Homem inteligente, com sentido crítico acentuado que Deus lhe concedeu e com acontecimentos ricos de significado. Eu e o Gaspar parecíamos dois alunos ávidos do seu saber. Durante uns bons minutos deu-nos a conhecer pontos essenciais da vida atual, sempre documentado por capítulos e versículos da Bíblia que sabia de cor. 

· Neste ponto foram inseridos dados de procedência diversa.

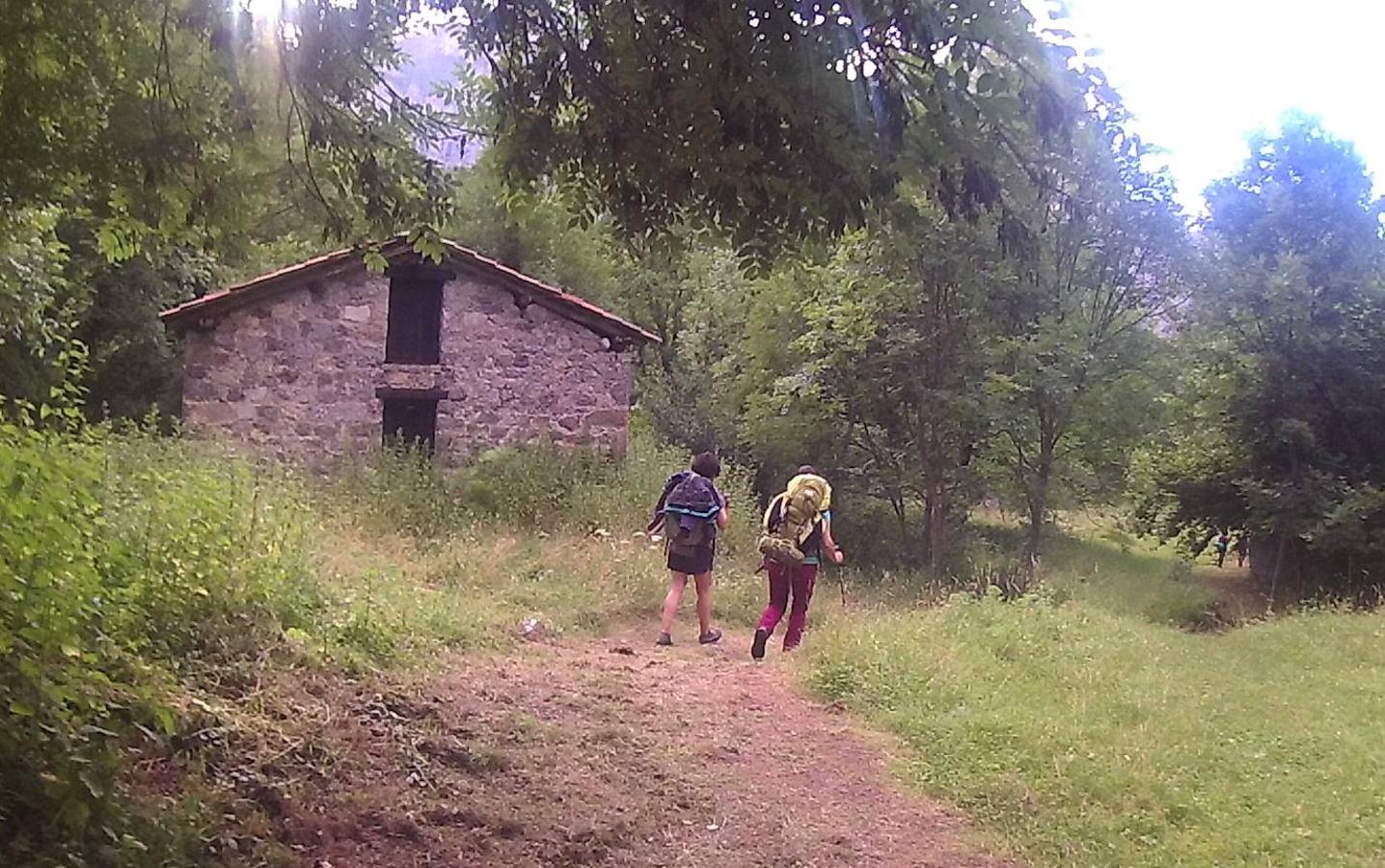 Fotos: Ruta desde Posada de Valdeón a Caín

Fala razoavelmente o português porque fez parte durante três anos da unidade policial portuguesa que serviu em Timor; fez um curso intensivo de formação para ser professor, profissão que também exerceu; foi comandante das tropas da resistência; foi prisioneiro dos indonésios e agora, segundo testemunhas, passa o tempo lendo muito, escrevendo e partilhando as suas ideias. Já tenho o seu aval para quando quiser lhe telefonar ou o visitar. Parece que frequentemente é visitado para ser entrevistado. A sua coerência é muito apreciada. Das suas ideias não abdica seja perante quem for, mesmo em face dos indonésios.

Uma grande lição de vida!...

Dia 16 de maio de 2016, segunda feira – Ida à embaixada e outros sítios

Mais uma vez de táxi, a caminho da embaixada de Portugal porque o Gaspar não descansa enquanto os nossos nomes não forem lá registados. Não vá o diabo tecê-las, vale mais prevenir que remediar. À chegada ao edifício deparamo-nos com um grande grupo de timorenses que procuram obter o cartão de cidadão português, a fim de puderem entrar na Europa, Portugal e Inglaterra sobretudo, para estudar ou trabalhar.

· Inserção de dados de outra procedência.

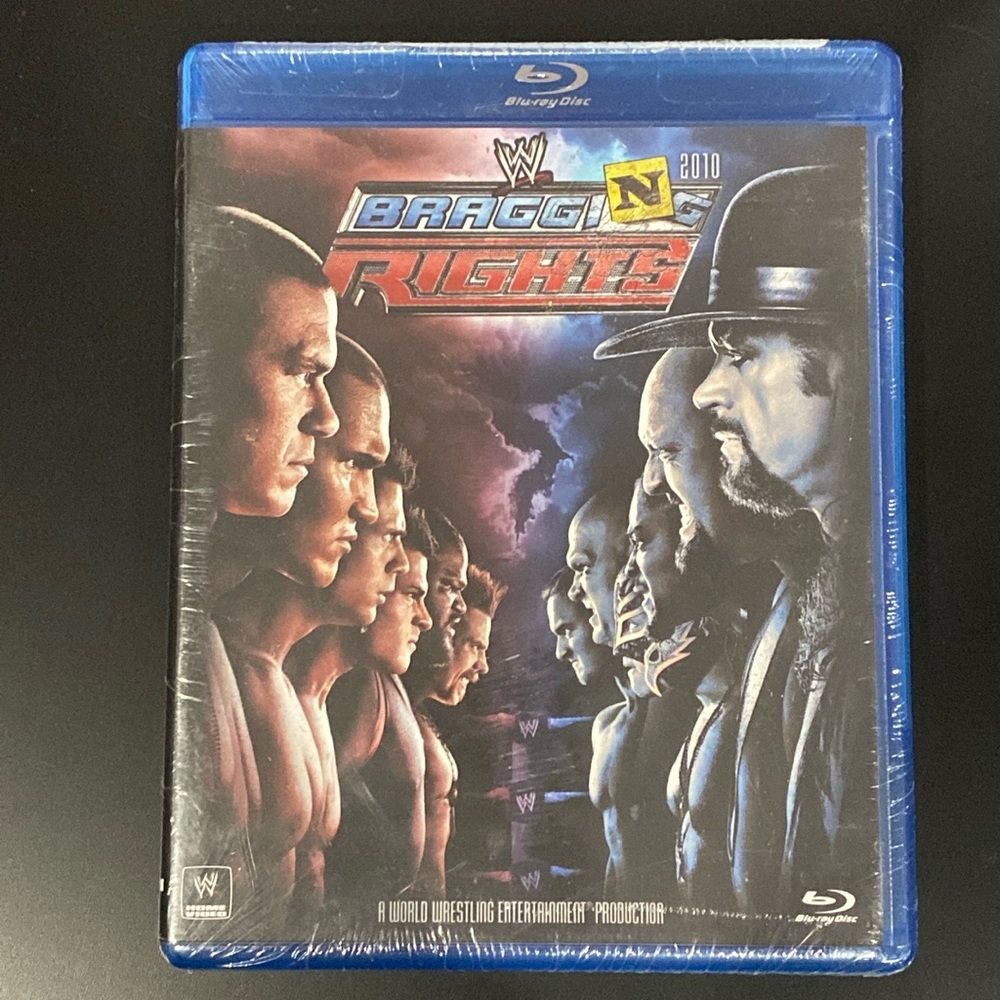 NEW: WWE 2010: Bragging Rights - Blu-ray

Pois é! Aqui em Timor Portugal ainda tem algum significado. Falar português confere estatuto de gente importante que dá acesso a portas e caminhos por que muitos anseiam.

Um grande desejo é de ir estudar para Portugal. Gente que vem das universidades portuguesas tem quase garantido um bom emprego.

Na embaixada, lugar esquisito pois pouco conforto apresenta, pouca atenção nos deram: simplesmente o número de telefone da embaixada e o e-mail, aconselhando-nos a fazer o registo por correio eletrónico.

Depois fomos ao Páteo, beber um café dos nossos e fazer algumas compras, algumas bem portuguesas como o garrafão de vinho Castelões e latas de sardinhas Ramirez.

Longe da pátria, tudo sabe bem, nem que seja uma côdea de pão para matar saudades.

Telefonema para Austrália

Mais outra surpresa. Quando saí de Malcata,  prometi à família que, aproveitando a vinda a Timor, iria visitar o primo Quim, a residir na Austrália. Hoje foi o dia escolhido para lhe telefonar. Com sucesso, pois fui atendido de imediato. Conversámos de algumas coisas e ficou combinado de que, antes de regressar a Portugal, lhe iria fazer uma visita. Ficou com o meu contato para poder-me telefonar.

Já não vejo o primo Quim há mais de 30 anos, pelo que o nosso encontro vai ser com certeza emocionante, a lembrar os nossos tempos de infância,  os lugares de Malcata, as pessoas que já partiram e as que ainda vivem. Espero ansiosamente pelo encontro…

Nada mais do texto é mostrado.